Colorado Governor Jared Polis signed Senate Bill 26-189 on May 14, 2026, repealing the state’s two-year-old Colorado AI Act and replacing it with a narrower disclosure-focused framework, according to the Colorado General Assembly legislative record. The new law, titled “Automated Decision-Making Technology,” takes effect January 1, 2027 and removes the duty of care, algorithmic impact assessments, and risk management program requirements that had made the original 2024 statute among the most prescriptive AI laws in the United States, as Nixon Peabody summarized.

The signing closes a fight over algorithmic discrimination rules that The Machine Herald has been tracking since the federal government’s March 11 push to preempt state AI law and the broader state-versus-federal standoff in April.

What We Know

Legislative path

The bill moved through Colorado’s General Assembly in just under two weeks. According to the Colorado General Assembly record, SB 26-189 was introduced in the Senate on May 1, cleared the Senate’s Third Reading 34-1 on May 7, and passed the House 57-6 (with two members recorded as “other”) on May 9. The Senate concurred with House amendments and repassed the bill 34-1 on May 12, and the measure was sent to the governor that same day. Polis signed it into law on May 14, the legislative record shows.

The Sum and Substance reported that the combined House-and-Senate margin was 91-7. The bill’s prime sponsors were Senate Majority Leader Robert Rodriguez, Senate President James Coleman, Majority Leader Monica Duran, and Assistant Majority Leader Jennifer Bacon, all Democrats, per CBS Colorado.
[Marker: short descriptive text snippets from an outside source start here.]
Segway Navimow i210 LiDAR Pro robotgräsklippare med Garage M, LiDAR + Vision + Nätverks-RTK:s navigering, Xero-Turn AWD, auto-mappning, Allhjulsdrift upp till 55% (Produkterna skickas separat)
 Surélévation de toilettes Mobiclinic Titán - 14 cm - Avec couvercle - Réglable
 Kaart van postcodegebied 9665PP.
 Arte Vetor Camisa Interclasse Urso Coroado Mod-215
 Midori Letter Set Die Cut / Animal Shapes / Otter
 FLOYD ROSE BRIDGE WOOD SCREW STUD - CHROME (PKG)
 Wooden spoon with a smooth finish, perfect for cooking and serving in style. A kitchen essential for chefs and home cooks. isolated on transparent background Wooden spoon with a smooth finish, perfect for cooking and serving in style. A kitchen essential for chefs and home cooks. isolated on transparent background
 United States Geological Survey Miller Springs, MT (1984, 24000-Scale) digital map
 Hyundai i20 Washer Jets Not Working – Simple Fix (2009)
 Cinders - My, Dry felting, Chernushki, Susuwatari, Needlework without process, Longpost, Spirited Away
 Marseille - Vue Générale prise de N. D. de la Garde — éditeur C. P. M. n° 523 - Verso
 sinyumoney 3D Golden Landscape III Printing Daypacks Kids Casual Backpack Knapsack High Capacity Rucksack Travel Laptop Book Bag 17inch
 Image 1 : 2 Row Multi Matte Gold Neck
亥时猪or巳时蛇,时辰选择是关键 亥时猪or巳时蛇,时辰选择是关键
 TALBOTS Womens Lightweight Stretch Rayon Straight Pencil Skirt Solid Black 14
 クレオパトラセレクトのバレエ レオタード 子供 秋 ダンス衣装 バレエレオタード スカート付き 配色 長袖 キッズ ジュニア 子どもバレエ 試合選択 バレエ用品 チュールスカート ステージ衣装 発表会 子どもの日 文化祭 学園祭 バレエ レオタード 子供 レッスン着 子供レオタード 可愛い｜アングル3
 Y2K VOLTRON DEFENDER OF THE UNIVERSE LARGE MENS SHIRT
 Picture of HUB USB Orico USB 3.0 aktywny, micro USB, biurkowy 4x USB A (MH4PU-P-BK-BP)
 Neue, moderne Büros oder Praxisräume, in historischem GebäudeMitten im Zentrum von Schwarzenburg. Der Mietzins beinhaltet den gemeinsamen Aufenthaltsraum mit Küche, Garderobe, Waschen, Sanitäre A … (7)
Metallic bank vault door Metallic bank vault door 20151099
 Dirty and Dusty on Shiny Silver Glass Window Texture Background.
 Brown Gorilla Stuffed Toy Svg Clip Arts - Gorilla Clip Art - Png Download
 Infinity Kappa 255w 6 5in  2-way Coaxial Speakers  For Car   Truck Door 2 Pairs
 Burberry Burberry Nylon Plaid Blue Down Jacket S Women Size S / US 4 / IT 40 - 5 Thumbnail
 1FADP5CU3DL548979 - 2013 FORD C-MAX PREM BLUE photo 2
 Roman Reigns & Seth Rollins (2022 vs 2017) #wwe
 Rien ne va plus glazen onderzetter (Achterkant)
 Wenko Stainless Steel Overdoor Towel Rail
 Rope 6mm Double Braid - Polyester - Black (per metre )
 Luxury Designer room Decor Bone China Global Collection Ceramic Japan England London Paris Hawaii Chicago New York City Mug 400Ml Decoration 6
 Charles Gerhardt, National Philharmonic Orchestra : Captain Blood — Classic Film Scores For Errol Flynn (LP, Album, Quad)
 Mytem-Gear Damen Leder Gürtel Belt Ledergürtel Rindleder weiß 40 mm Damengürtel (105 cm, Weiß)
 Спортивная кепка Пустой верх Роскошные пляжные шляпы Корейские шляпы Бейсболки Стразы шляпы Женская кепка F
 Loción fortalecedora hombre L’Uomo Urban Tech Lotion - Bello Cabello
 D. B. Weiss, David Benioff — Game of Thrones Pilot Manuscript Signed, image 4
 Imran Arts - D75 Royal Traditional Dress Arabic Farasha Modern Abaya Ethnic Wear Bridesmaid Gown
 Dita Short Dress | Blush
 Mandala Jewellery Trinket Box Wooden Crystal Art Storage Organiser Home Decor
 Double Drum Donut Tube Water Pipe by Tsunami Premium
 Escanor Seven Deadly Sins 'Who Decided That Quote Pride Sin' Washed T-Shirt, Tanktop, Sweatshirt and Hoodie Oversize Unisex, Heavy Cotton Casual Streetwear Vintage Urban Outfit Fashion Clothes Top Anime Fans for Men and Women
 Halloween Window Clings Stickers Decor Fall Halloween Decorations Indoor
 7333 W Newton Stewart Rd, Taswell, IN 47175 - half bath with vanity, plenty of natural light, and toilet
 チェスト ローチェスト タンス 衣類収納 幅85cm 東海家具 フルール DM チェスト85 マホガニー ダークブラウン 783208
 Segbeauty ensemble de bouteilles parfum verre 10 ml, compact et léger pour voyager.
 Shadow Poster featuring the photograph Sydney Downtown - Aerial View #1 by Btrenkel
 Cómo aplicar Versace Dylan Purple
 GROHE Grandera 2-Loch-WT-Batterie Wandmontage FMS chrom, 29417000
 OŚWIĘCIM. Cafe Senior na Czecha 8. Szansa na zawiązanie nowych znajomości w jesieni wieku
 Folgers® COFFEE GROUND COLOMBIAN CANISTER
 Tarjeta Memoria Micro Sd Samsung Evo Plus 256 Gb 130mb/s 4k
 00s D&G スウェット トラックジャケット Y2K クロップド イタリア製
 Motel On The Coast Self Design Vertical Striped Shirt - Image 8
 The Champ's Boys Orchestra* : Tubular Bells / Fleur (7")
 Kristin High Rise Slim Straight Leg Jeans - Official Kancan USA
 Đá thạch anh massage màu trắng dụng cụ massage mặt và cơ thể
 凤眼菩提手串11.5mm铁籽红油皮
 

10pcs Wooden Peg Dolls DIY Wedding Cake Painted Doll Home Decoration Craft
From SB 24-205 to SB 26-189

The original Colorado AI Act, SB 24-205, had been pushed back twice and was scheduled to take effect on June 30, 2026, before this rewrite, HR Dive reported. SB 26-189 scraps the “high risk artificial intelligence systems” terminology and all references to “algorithmic discrimination” that defined that statute, replacing them with a new category, “automated decision-making technology” or ADMT, according to HR Dive.

Nixon Peabody summarized the structural rewrite this way: the new framework eliminates “the duty of care, algorithmic impact assessments, and risk management program requirements.” Consumer Finance Monitor framed it as a shift from “broader reasonable-care, risk-management, impact-assessment, annual-review, and public-summary obligations” under SB 24-205 toward “targeted disclosure, explanation, correction, and the right to request human-review” under the new law.

Scope and definitions

The ADMT definition covers “systems that process personal data and generate outputs such as predictions, recommendations, classifications, rankings, or scores,” as Clark Hill summarized. The statute applies when those outputs “materially influence” a “consequential decision,” and Consumer Finance Monitor lists the covered sectors as “employment, housing, lending, insurance, health care, education, and essential government services.”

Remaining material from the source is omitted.